Your goal => Copy out all the entries exactly.
_____
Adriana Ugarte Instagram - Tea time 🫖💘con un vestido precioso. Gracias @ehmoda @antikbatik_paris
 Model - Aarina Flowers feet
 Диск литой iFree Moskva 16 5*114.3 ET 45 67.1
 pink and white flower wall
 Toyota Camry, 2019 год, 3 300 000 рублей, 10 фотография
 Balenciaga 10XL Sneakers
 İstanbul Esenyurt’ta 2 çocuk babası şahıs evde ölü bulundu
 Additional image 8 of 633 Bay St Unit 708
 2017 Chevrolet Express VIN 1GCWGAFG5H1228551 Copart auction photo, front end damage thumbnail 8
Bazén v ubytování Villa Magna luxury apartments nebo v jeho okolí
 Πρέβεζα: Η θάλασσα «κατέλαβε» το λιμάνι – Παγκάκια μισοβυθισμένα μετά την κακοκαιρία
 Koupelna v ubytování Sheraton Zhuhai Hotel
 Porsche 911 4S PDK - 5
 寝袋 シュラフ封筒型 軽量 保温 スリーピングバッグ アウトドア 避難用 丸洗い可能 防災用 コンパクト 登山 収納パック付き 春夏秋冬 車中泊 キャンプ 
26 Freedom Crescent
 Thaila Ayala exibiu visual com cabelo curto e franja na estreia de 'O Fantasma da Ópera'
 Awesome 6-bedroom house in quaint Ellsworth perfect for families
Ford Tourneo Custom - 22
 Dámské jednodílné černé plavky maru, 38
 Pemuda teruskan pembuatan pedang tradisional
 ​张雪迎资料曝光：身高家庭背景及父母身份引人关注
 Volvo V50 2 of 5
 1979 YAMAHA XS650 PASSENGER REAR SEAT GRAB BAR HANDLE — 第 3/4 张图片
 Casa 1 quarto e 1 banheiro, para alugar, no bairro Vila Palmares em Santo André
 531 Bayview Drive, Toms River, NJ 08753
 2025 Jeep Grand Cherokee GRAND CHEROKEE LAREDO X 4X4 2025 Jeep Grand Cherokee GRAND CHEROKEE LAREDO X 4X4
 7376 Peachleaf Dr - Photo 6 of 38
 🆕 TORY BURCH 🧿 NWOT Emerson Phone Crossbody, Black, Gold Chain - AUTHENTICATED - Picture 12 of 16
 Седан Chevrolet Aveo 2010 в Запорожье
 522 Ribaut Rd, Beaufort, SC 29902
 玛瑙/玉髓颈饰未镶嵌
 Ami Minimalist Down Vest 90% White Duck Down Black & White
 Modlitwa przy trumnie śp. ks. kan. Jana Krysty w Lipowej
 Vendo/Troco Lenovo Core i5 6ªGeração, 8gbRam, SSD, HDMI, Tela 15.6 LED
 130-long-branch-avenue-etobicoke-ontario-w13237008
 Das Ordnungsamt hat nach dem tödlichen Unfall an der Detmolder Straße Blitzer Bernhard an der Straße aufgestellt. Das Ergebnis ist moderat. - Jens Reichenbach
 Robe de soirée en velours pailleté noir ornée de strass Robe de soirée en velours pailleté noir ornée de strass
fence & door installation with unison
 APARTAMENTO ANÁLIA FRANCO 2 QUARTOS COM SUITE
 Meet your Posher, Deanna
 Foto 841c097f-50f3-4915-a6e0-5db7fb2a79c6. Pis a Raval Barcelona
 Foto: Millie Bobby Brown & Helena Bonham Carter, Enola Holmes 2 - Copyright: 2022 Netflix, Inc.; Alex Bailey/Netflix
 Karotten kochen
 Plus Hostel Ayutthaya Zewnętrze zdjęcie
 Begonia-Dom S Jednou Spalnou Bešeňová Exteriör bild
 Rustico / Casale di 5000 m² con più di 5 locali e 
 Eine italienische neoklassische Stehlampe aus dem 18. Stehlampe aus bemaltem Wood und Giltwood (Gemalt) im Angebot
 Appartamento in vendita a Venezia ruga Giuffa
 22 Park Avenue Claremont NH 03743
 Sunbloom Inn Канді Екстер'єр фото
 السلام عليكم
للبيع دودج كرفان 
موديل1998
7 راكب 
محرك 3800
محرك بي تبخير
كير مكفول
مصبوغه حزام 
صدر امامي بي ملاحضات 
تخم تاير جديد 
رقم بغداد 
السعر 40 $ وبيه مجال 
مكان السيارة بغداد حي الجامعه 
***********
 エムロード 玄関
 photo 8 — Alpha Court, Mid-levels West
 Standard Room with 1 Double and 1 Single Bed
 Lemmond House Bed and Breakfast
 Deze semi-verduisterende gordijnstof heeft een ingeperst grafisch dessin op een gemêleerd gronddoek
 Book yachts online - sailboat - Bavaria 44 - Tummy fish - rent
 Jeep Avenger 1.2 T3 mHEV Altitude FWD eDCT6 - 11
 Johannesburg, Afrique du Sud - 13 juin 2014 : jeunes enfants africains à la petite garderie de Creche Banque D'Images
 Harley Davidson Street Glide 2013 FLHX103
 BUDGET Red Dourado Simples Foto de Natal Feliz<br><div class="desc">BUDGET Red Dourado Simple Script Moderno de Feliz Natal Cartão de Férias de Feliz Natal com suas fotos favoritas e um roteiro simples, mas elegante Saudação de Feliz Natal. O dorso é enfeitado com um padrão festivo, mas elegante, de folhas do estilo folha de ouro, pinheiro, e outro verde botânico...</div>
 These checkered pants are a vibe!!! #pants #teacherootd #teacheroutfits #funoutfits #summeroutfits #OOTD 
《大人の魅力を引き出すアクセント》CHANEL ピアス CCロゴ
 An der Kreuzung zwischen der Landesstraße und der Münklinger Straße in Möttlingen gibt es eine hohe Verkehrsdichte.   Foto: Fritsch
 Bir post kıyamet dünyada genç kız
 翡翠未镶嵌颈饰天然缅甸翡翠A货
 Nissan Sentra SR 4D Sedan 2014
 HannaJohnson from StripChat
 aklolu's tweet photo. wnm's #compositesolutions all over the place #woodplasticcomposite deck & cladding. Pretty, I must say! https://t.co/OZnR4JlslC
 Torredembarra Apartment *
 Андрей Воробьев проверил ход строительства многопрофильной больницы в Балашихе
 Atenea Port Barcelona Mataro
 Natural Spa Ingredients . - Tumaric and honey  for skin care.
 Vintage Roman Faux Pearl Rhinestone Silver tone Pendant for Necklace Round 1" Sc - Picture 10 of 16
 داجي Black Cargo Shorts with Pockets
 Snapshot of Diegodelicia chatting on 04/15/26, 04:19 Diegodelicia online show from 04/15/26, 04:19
_____
Result =>
Adriana Ugarte Instagram - Tea time 🫖💘con un vestido precioso. Gracias @ehmoda @antikbatik_paris
 Model - Aarina Flowers feet
 Диск литой iFree Moskva 16 5*114.3 ET 45 67.1
 pink and white flower wall
 Toyota Camry, 2019 год, 3 300 000 рублей, 10 фотография
 Balenciaga 10XL Sneakers
 İstanbul Esenyurt’ta 2 çocuk babası şahıs evde ölü bulundu
 Additional image 8 of 633 Bay St Unit 708
 2017 Chevrolet Express VIN 1GCWGAFG5H1228551 Copart auction photo, front end damage thumbnail 8
Bazén v ubytování Villa Magna luxury apartments nebo v jeho okolí
 Πρέβεζα: Η θάλασσα «κατέλαβε» το λιμάνι – Παγκάκια μισοβυθισμένα μετά την κακοκαιρία
 Koupelna v ubytování Sheraton Zhuhai Hotel
 Porsche 911 4S PDK - 5
 寝袋 シュラフ封筒型 軽量 保温 スリーピングバッグ アウトドア 避難用 丸洗い可能 防災用 コンパクト 登山 収納パック付き 春夏秋冬 車中泊 キャンプ 
26 Freedom Crescent
 Thaila Ayala exibiu visual com cabelo curto e franja na estreia de 'O Fantasma da Ópera'
 Awesome 6-bedroom house in quaint Ellsworth perfect for families
Ford Tourneo Custom - 22
 Dámské jednodílné černé plavky maru, 38
 Pemuda teruskan pembuatan pedang tradisional
 ​张雪迎资料曝光：身高家庭背景及父母身份引人关注
 Volvo V50 2 of 5
 1979 YAMAHA XS650 PASSENGER REAR SEAT GRAB BAR HANDLE — 第 3/4 张图片
 Casa 1 quarto e 1 banheiro, para alugar, no bairro Vila Palmares em Santo André
 531 Bayview Drive, Toms River, NJ 08753
 2025 Jeep Grand Cherokee GRAND CHEROKEE LAREDO X 4X4 2025 Jeep Grand Cherokee GRAND CHEROKEE LAREDO X 4X4
 7376 Peachleaf Dr - Photo 6 of 38
 🆕 TORY BURCH 🧿 NWOT Emerson Phone Crossbody, Black, Gold Chain - AUTHENTICATED - Picture 12 of 16
 Седан Chevrolet Aveo 2010 в Запорожье
 522 Ribaut Rd, Beaufort, SC 29902
 玛瑙/玉髓颈饰未镶嵌
 Ami Minimalist Down Vest 90% White Duck Down Black & White
 Modlitwa przy trumnie śp. ks. kan. Jana Krysty w Lipowej
 Vendo/Troco Lenovo Core i5 6ªGeração, 8gbRam, SSD, HDMI, Tela 15.6 LED
 130-long-branch-avenue-etobicoke-ontario-w13237008
 Das Ordnungsamt hat nach dem tödlichen Unfall an der Detmolder Straße Blitzer Bernhard an der Straße aufgestellt. Das Ergebnis ist moderat. - Jens Reichenbach
 Robe de soirée en velours pailleté noir ornée de strass Robe de soirée en velours pailleté noir ornée de strass
fence & door installation with unison
 APARTAMENTO ANÁLIA FRANCO 2 QUARTOS COM SUITE
 Meet your Posher, Deanna
 Foto 841c097f-50f3-4915-a6e0-5db7fb2a79c6. Pis a Raval Barcelona
 Foto: Millie Bobby Brown & Helena Bonham Carter, Enola Holmes 2 - Copyright: 2022 Netflix, Inc.; Alex Bailey/Netflix
 Karotten kochen
 Plus Hostel Ayutthaya Zewnętrze zdjęcie
 Begonia-Dom S Jednou Spalnou Bešeňová Exteriör bild
 Rustico / Casale di 5000 m² con più di 5 locali e 
 Eine italienische neoklassische Stehlampe aus dem 18. Stehlampe aus bemaltem Wood und Giltwood (Gemalt) im Angebot
 Appartamento in vendita a Venezia ruga Giuffa
 22 Park Avenue Claremont NH 03743
 Sunbloom Inn Канді Екстер'єр фото
 السلام عليكم
للبيع دودج كرفان 
موديل1998
7 راكب 
محرك 3800
محرك بي تبخير
كير مكفول
مصبوغه حزام 
صدر امامي بي ملاحضات 
تخم تاير جديد 
رقم بغداد 
السعر 40 $ وبيه مجال 
مكان السيارة بغداد حي الجامعه 
***********
 エムロード 玄関
 photo 8 — Alpha Court, Mid-levels West
 Standard Room with 1 Double and 1 Single Bed
 Lemmond House Bed and Breakfast
 Deze semi-verduisterende gordijnstof heeft een ingeperst grafisch dessin op een gemêleerd gronddoek
 Book yachts online - sailboat - Bavaria 44 - Tummy fish - rent
 Jeep Avenger 1.2 T3 mHEV Altitude FWD eDCT6 - 11
 Johannesburg, Afrique du Sud - 13 juin 2014 : jeunes enfants africains à la petite garderie de Creche Banque D'Images
 Harley Davidson Street Glide 2013 FLHX103
 BUDGET Red Dourado Simples Foto de Natal Feliz<br><div class="desc">BUDGET Red Dourado Simple Script Moderno de Feliz Natal Cartão de Férias de Feliz Natal com suas fotos favoritas e um roteiro simples, mas elegante Saudação de Feliz Natal. O dorso é enfeitado com um padrão festivo, mas elegante, de folhas do estilo folha de ouro, pinheiro, e outro verde botânico...</div>
 These checkered pants are a vibe!!! #pants #teacherootd #teacheroutfits #funoutfits #summeroutfits #OOTD 
《大人の魅力を引き出すアクセント》CHANEL ピアス CCロゴ
 An der Kreuzung zwischen der Landesstraße und der Münklinger Straße in Möttlingen gibt es eine hohe Verkehrsdichte.   Foto: Fritsch
 Bir post kıyamet dünyada genç kız
 翡翠未镶嵌颈饰天然缅甸翡翠A货
 Nissan Sentra SR 4D Sedan 2014
 HannaJohnson from StripChat
 aklolu's tweet photo. wnm's #compositesolutions all over the place #woodplasticcomposite deck & cladding. Pretty, I must say! https://t.co/OZnR4JlslC
 Torredembarra Apartment *
 Андрей Воробьев проверил ход строительства многопрофильной больницы в Балашихе
 Atenea Port Barcelona Mataro
 Natural Spa Ingredients . - Tumaric and honey  for skin care.
 Vintage Roman Faux Pearl Rhinestone Silver tone Pendant for Necklace Round 1" Sc - Picture 10 of 16
 داجي Black Cargo Shorts with Pockets
 Snapshot of Diegodelicia chatting on 04/15/26, 04:19 Diegodelicia online show from 04/15/26, 04:19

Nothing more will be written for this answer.